• Milanese - Extend

    Reviewed by Ian Roullier (Clash magazine)

    Milanese - Extend

    All genres come with a musical blueprint that can serve to restrict and confine all but the steeliest artists. This applies to everything from identikit indie to formulaic dance fodder where music by numbers becomes the order of the day and creativity suffocates beneath boundaries and expectations.

    Steve Milanese is one artist with enough strength to disregard any such rules, producing the music he wants to in the way he sees fit. His full debut outing, 'Extend', following on from 2004's '1 Up' mini-album, marks his move from Warp to the Planet Mµ label and sees him continue ripping genres to shreds, feeding them through the mincer before reconstituting them in barely recognisable forms. "I don't like doing one style of music," he explains. "I don't just write drum and bass or garage or grime or whatever. I like combining different styles of music and turning them upside down."

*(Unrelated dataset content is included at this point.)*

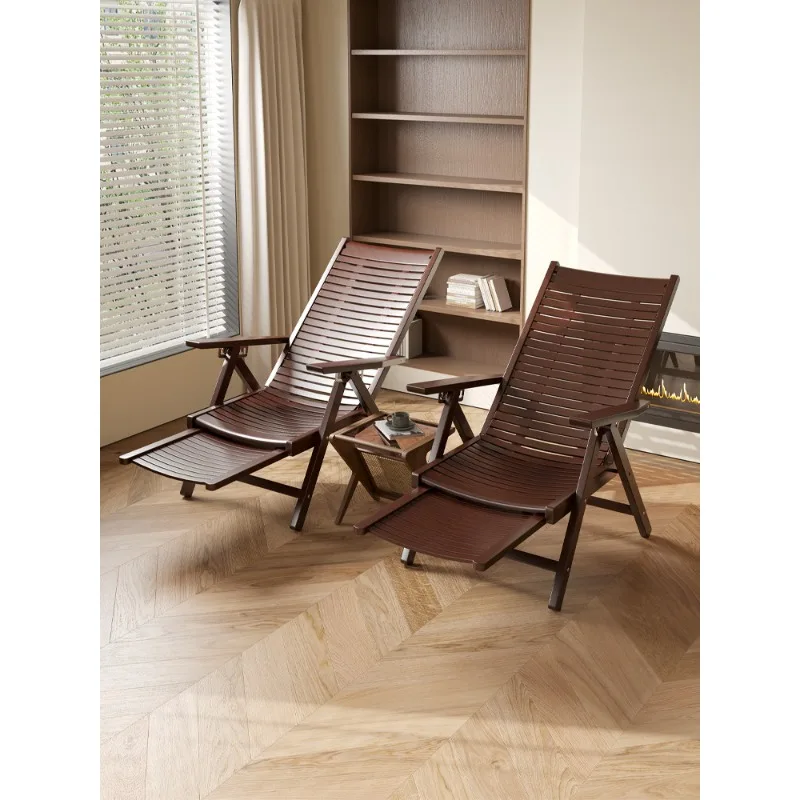 Lunch break folding can sit and lie down home balcony leisure chair strong and durable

    The results are by turns challenging, engaging and unsettling. Opener 'Mr Bad News' growls and stomps as an abrasive bassline is overlaid with alarm shrieks and filtered vocal bursts, its calm choral close giving the grimey aggression of Virus Syndicate collaboration 'Dead Man Walking' even more impact. From the pneumatic rap and harsh, swirling bass hits of 'Peggy Flynn III' to mangled drum and bass workouts 'Mr Ion' and 'Sight Beyond Sight' to the beatless atmospherics of 'One Eye', the tension is tangible and a paranoid edginess looms overhead.

    "I definitely like provoking some sort of reaction," admits the Birmingham-based 29-year-old when asked if he likes to unsettle. "If I'm not then I think I've failed really. I don't really just want my music to be there in the background. I like music that you can listen to and you want to interact with it. It forces you to think about what's going on." He strengthens his sonic arsenal with some genuinely unique sounds conjured up by re-wiring keyboards picked up on eBay. "You can get some mad old sounds out of really old cheap stuff. Generally really horribly distorted stuff but some of it's great."

    'Extend' is laced with tongue-in-cheek humour and lighter moments, however, such as the undulating bassline and simple, almost pop-like vocal snatch of 'Caramel Cognac' which ends with a celebratory, psychedelic jazz blast. Whatever the tone of the music though, stylistic boundaries are always wilfully ignored.

    "I do definitely like to challenge what I think the cultural templates are we all have in place, how a piece of music should progress or its form etc," Milanese explains and he succeeds in his aim. 'Extend' has a playful unpredictability that constantly asks questions and leaves any preconceptions floundering.